Task data |
-*-
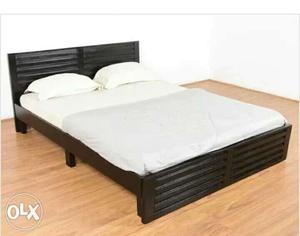 4/6 ft double cot plus mattress wooden just 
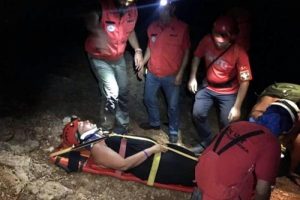 Ayağını kıran İsko&ccedil; kadını AKUT kurtardı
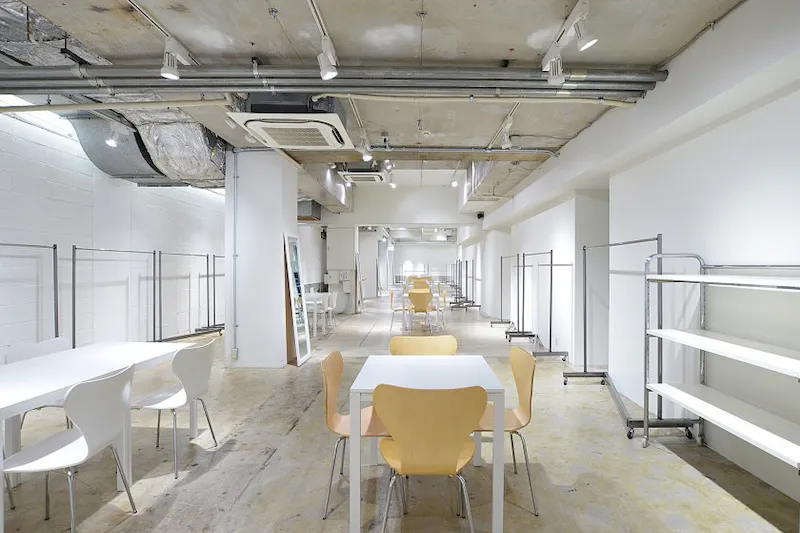 【心斎橋駅4分】吹き抜け約7mの開放感あふれる空間にワンフロアのプライベートスペース。 控室2か所とストックスペースやフィッティングルームも完備。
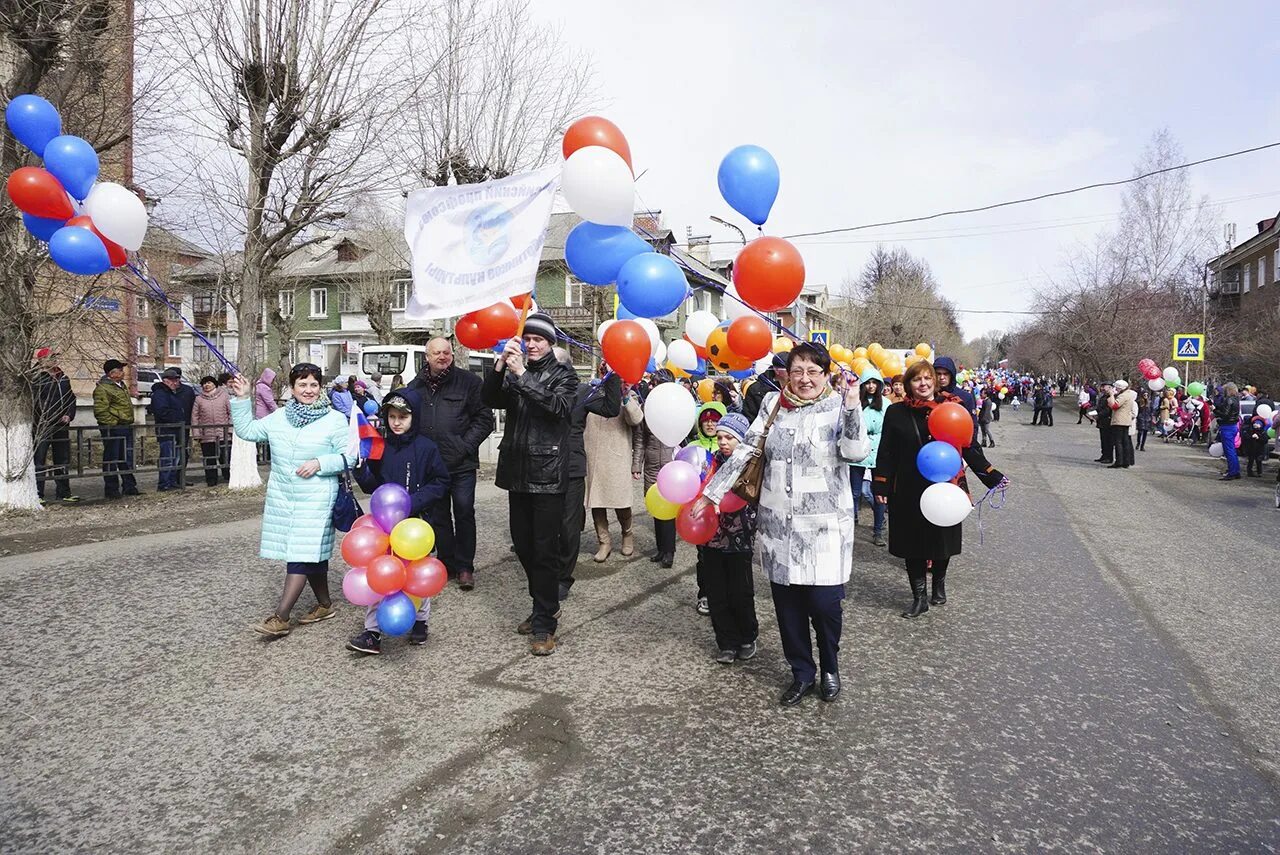 Погода в ревде сегодня. Ревда 1 мая демонстрация 2022. С праздником Первомая. Празднование Первомая. Колонна на 1 мая.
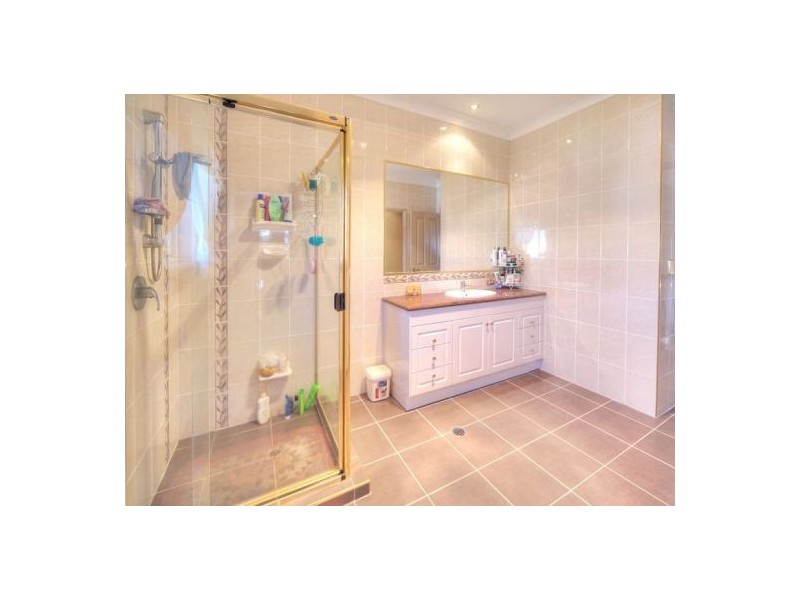 15 Candlewood Court, Stretton QLD 4116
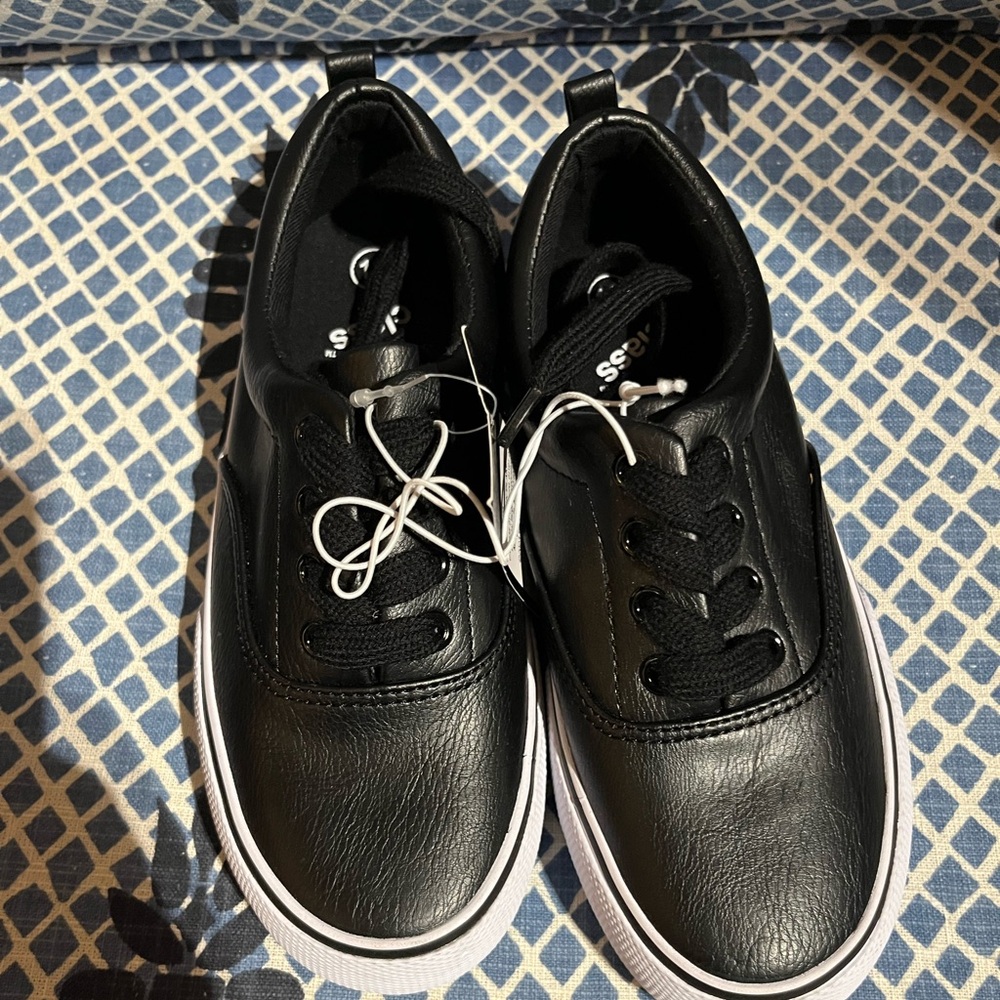 Monday Madness Moms and Kids… New with tags and New without tags - Picture 7 of 16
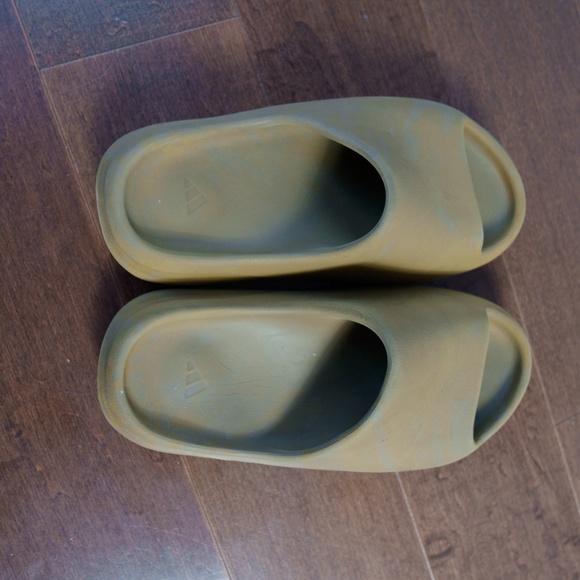 YEEZY x Adidas Slide sandals, Brown, Size 8 - Picture 7 of 8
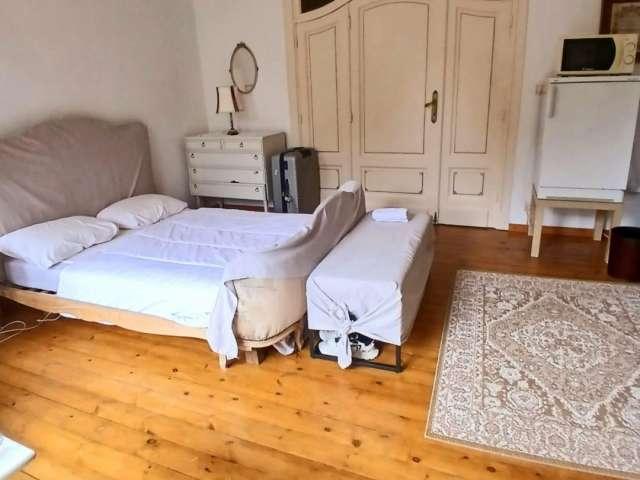 Room in shared apartment for rent in Woeste, Brussels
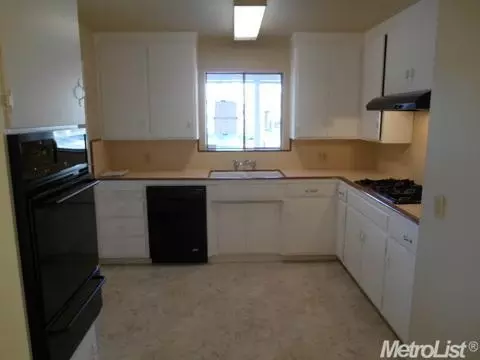 1400 W Rumble Rd, Modesto, CA 95350 photo 3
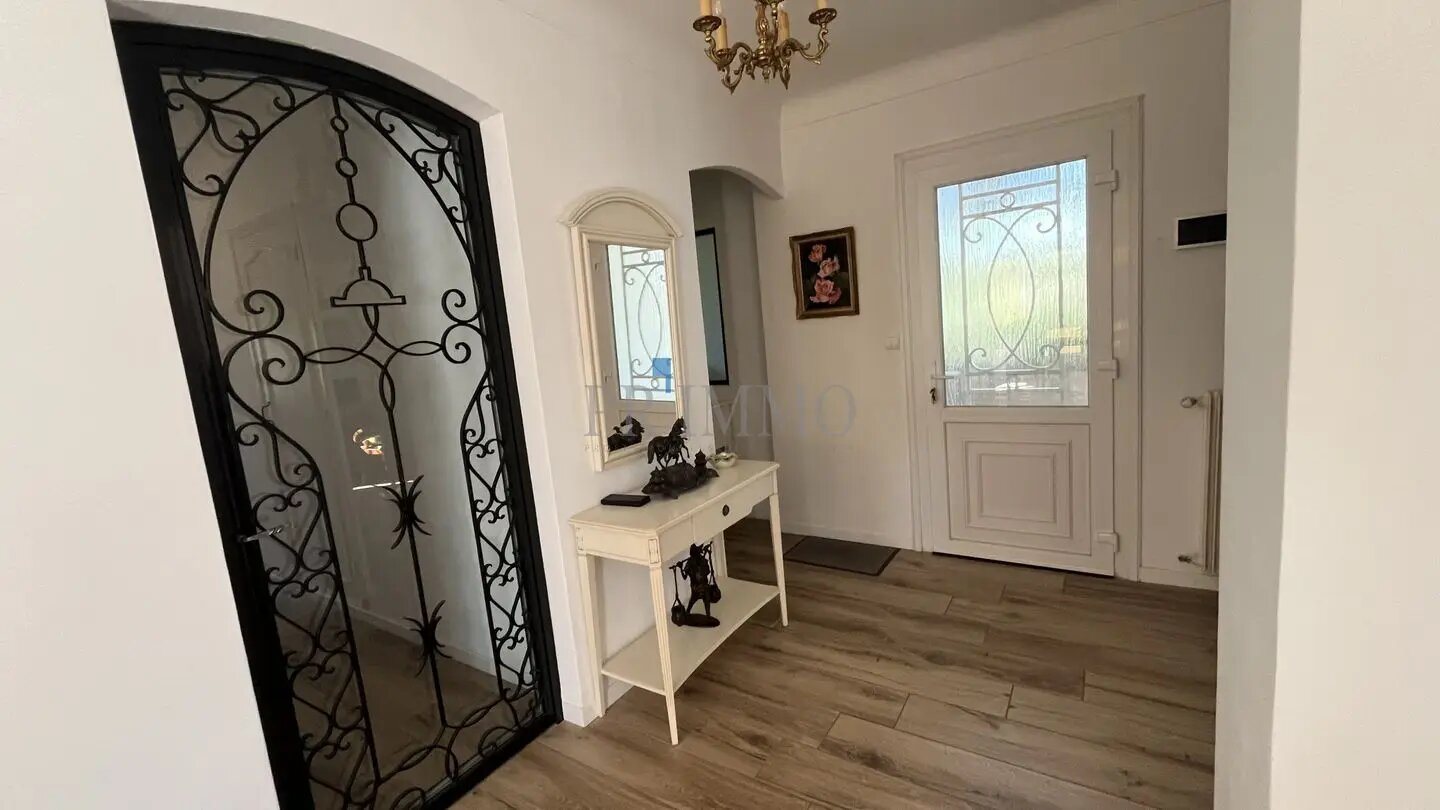 Maison à vendre, 200m², Saint-Raphaël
-*-
Activity |
This exercise asks for the data above to be given again exactly, without pictures.

Response |
 4/6 ft double cot plus mattress wooden just 
 Ayağını kıran İsko&ccedil; kadını AKUT kurtardı
 【心斎橋駅4分】吹き抜け約7mの開放感あふれる空間にワンフロアのプライベートスペース。 控室2か所とストックスペースやフィッティングルームも完備。
 Погода в ревде сегодня. Ревда 1 мая демонстрация 2022. С праздником Первомая. Празднование Первомая. Колонна на 1 мая.
 15 Candlewood Court, Stretton QLD 4116
 Monday Madness Moms and Kids… New with tags and New without tags - Picture 7 of 16
 YEEZY x Adidas Slide sandals, Brown, Size 8 - Picture 7 of 8
 Room in shared apartment for rent in Woeste, Brussels
 1400 W Rumble Rd, Modesto, CA 95350 photo 3
 Maison à vendre, 200m², Saint-Raphaël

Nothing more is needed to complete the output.